**TASK ITEM**
Each entry below must be repeated exactly. Leave the pictures out of it.
BEGIN
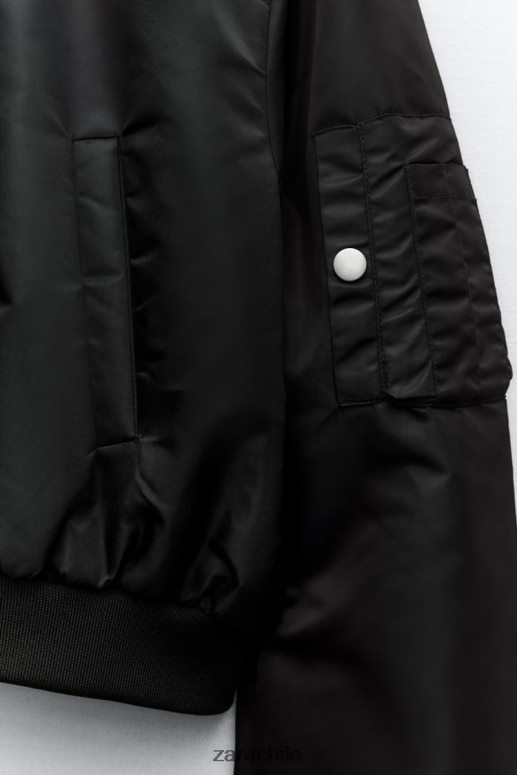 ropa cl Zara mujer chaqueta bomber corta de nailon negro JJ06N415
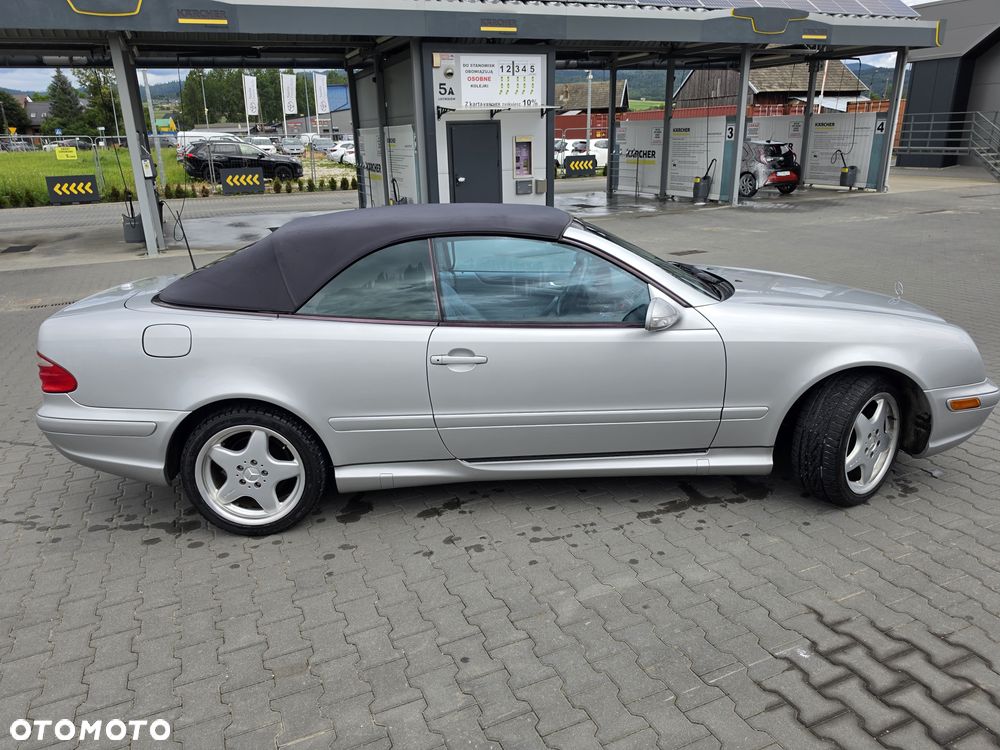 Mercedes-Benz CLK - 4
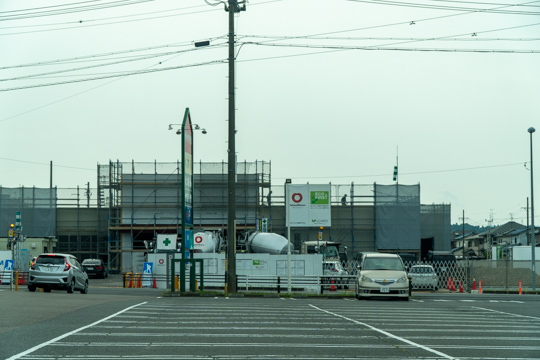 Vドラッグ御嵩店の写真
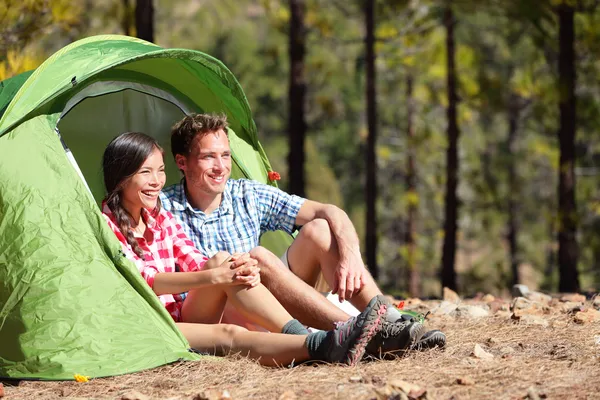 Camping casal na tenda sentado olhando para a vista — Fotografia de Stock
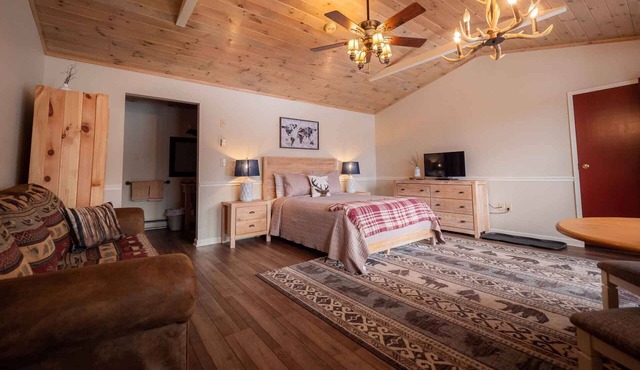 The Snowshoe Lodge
END
**SOLVED EXERCISE**
 ropa cl Zara mujer chaqueta bomber corta de nailon negro JJ06N415
 Mercedes-Benz CLK - 4
 Vドラッグ御嵩店の写真
 Camping casal na tenda sentado olhando para a vista — Fotografia de Stock
 The Snowshoe Lodge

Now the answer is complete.